What I can confirm is that the UNION ideas runs extremely fast (don't
have access to the db right now to test the subquery idea, but will
check next week as I travel right now). Thanks again! :)
I was wondering: would it be possible for PostgreSQL to rewrite the
query to generate the UNION (or subquery plan if it's also fast) on it's
own?
Thanks,
Sven
On 22.09.2016 16:44, lfischer wrote:
Hi Sven
Why not do something like
SELECT * FROM big_table
WHERE
id in (SELECT big_table_id FROM table_a WHERE "table_a"."item_id"
IN (<handful of items>))
OR
id in (SELECT big_table_id FROM table_a WHERE "table_b"."item_id"
IN (<handful of items>))
that way you don't need the "distinct" and therefore there should be
less comparison going on.
Lutz
On 22/09/16 14:24, Sven R. Kunze wrote:
Hi pgsql-performance list,
what is the recommended way of doing **multiple-table-spanning joins
with ORs in the WHERE-clause**?
Until now, we've used the LEFT OUTER JOIN to filter big_table like so:
SELECT DISTINCT <fields of big_table>
FROM
"big_table"
LEFT OUTER JOIN "table_a" ON ("big_table"."id" =
"table_a"."big_table_id")
LEFT OUTER JOIN "table_b" ON ("big_table"."id" =
"table_b"."big_table_id")
WHERE
"table_a"."item_id" IN (<handful of items>)
OR
"table_b"."item_id" IN (<handful of items>);
However, this results in an awful slow plan (requiring to scan the
complete big_table which obviously isn't optimal).
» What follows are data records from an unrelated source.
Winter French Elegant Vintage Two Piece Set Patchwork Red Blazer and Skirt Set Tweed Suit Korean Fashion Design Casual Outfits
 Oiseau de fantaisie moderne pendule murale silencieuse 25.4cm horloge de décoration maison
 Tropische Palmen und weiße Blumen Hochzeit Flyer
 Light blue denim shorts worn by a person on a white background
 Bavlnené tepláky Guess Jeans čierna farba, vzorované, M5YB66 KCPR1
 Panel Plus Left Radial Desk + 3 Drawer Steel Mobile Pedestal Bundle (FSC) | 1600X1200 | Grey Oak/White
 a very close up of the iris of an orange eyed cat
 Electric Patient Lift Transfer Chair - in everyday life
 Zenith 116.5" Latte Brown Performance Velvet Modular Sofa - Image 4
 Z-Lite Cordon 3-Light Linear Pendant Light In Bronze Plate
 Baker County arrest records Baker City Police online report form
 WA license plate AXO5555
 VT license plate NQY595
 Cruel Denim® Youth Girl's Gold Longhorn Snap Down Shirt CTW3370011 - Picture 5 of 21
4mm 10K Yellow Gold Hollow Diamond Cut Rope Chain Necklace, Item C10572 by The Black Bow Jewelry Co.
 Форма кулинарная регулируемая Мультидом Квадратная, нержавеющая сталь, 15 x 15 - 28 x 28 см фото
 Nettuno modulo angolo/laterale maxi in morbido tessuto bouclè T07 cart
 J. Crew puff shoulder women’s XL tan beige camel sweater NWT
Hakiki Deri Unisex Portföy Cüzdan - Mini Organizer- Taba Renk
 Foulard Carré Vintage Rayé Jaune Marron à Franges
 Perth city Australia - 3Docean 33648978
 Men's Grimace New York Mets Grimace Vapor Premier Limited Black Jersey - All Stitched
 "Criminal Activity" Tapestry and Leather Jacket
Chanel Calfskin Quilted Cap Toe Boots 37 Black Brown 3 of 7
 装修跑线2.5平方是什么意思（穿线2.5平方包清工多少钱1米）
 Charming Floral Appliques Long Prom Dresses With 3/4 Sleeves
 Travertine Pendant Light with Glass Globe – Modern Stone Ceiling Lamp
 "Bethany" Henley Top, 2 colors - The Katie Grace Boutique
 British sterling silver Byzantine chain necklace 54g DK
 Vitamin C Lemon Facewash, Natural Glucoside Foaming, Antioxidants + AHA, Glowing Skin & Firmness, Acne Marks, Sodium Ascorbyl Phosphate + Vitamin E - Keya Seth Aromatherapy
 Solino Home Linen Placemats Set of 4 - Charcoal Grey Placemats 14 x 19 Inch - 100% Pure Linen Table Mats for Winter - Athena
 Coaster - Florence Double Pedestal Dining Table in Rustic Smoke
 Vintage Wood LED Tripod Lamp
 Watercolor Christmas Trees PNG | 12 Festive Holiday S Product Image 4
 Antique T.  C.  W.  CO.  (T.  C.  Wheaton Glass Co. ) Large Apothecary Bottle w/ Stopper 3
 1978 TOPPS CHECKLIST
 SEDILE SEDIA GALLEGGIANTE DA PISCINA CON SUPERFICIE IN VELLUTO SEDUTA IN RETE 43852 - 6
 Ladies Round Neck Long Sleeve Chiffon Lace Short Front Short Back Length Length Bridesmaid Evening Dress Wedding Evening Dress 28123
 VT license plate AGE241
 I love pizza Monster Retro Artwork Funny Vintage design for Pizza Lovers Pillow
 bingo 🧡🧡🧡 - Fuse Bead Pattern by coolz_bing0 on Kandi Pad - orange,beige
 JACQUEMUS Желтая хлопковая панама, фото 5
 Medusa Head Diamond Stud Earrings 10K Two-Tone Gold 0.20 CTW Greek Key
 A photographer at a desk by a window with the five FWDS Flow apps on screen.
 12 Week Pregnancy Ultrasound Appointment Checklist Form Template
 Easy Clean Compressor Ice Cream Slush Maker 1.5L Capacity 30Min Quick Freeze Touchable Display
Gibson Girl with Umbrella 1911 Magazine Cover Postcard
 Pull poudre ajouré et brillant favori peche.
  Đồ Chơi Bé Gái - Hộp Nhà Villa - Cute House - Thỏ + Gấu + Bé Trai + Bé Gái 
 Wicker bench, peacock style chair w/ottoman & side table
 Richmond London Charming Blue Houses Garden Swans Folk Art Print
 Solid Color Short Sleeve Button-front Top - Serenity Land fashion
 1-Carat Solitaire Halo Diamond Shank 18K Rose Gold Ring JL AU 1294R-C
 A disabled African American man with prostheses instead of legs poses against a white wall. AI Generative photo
So, we decided (at least for now) to split up the query into two
separate ones and merge/de-duplicate the result with application logic:
SELECT <fields of big_table>
FROM
"big_table" INNER JOIN "table_a" ON ("big_table"."id" =
"table_a"."big_table_id")
WHERE
"table_a"."item_id" IN (<handful of items>);
SELECT <fields of big_table>
FROM
"big_table" INNER JOIN "table_b" ON ("big_table"."id" =
"table_b"."big_table_id")
WHERE
"table_b"."item_id" IN (<handful of items>);
As you can imagine we would be very glad to solve this issue with a
single query and without having to re-code existing logic of
PostgreSQL. But how?
Best,
Sven
PS: if you require EXPLAIN ANALYZE, I can post them as well.